A job script is the same format as the shell script. A job script consists of an option area describing Slurm job submission options and a user program area describing the program to be executed. Please refer to here for environment variables that are automatically set when a job is executed.
An example of a job script is shown below, so you can see the script to keep in perspective. More detailed information for each is given in the next section.
#!/bin/bash
#============ Slurm Options ===========
#SBATCH -p gr19999b # Specify the job queue (partition).

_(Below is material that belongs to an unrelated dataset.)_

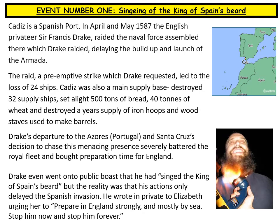Event one is the singeing of the King of Spain's beard, a name given to a key event before the launch of the Spanish Armada. This involved Cadiz, a Spanish port. In April and May 1587, the English privateer Sir Francis Drake raided the naval force assembled there, delaying the build-up and launch of the Armada. The raid — a pre-emptive strike requested by Drake — led to the loss of 24 ships. Drake also destroyed 32 supply ships, set alight 500 tons of bread, 40 tons of wheat, and destroyed a year's supply of iron hoops and wood staves used to make barrels.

It must be changed to the queue name which you want to submit.
#SBATCH -t 1:0:0 # Specify the elapsed time (example of specifying 1 hour)
#SBATCH --rsc p=4:t=8:c=8:m=8G # Specify requested resources
#SBATCH -o %x.%j.out # Specify the standard output file for the job
## %x is replaced by the job name and %j is replaced by the job ID.
#============ Shell Script ============
# (Optional) Specify set -x to keep track of the execution progress of the job script.
set -x
# Environment variables such as the number of MPI processes and OMP_NUM_THREADS are automatically set based on the value of the --rsc option.
# If necessary, it is possible to specify overwrite within the range of resources allocated by the srun command argument or environment variables.
srun ./a.out
## Notes on job scripts ##
# Lines beginning with '#' or after '#' in a line are treated as comments. Only lines beginning with #SBATCH are exceptionally recognised as slurm option specifications.
# The current directory at the job execution is automatically moved to the current directory at the job submission.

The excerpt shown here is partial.